> Task objective:
All of the listing below must be repeated word for word. Pictures are the only thing to omit.

> Data section:
---------------

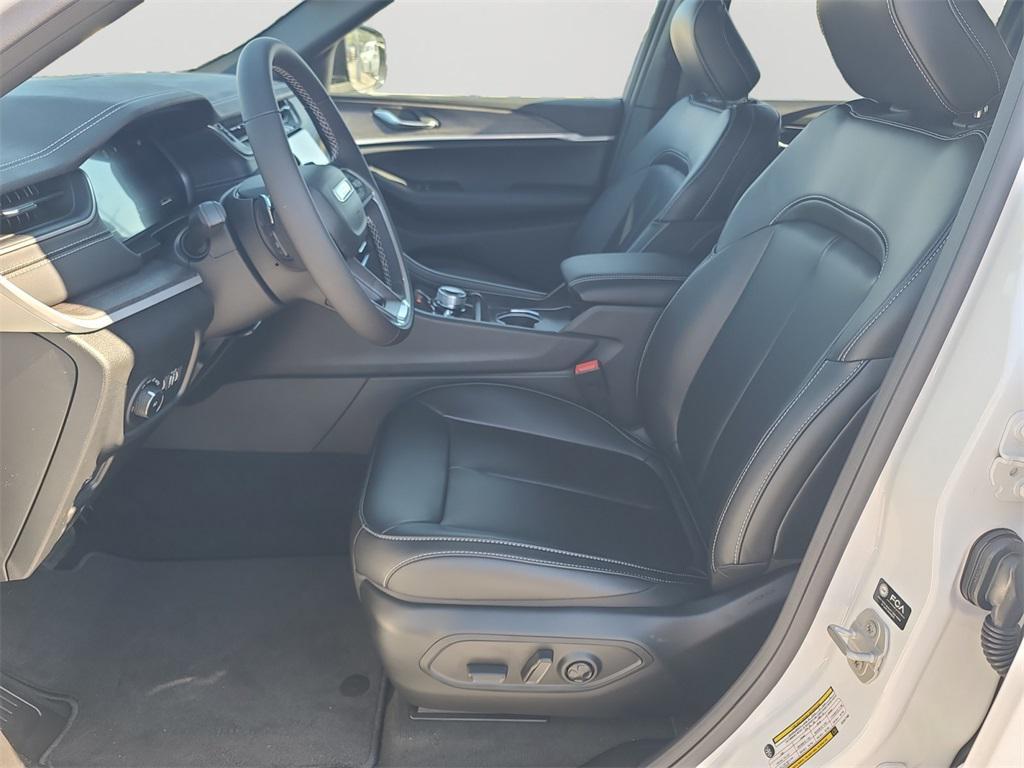 new 2025 Jeep Grand Cherokee car, priced at $42,000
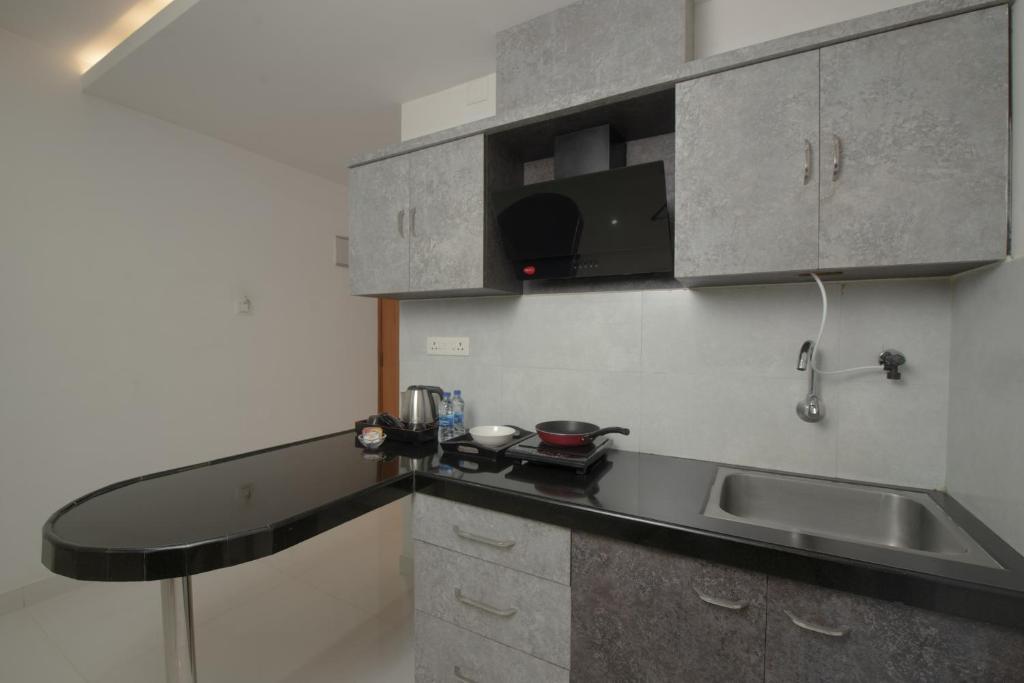 Kuchyň nebo kuchyňský kout v ubytování Manipal Atalia Service Apartments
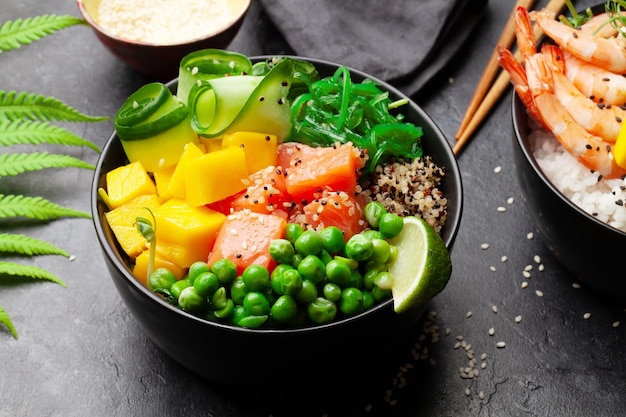 Poke ciotole con gamberetti salmone avocado e mango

---------------

> Task output:
 new 2025 Jeep Grand Cherokee car, priced at $42,000
 Kuchyň nebo kuchyňský kout v ubytování Manipal Atalia Service Apartments
 Poke ciotole con gamberetti salmone avocado e mango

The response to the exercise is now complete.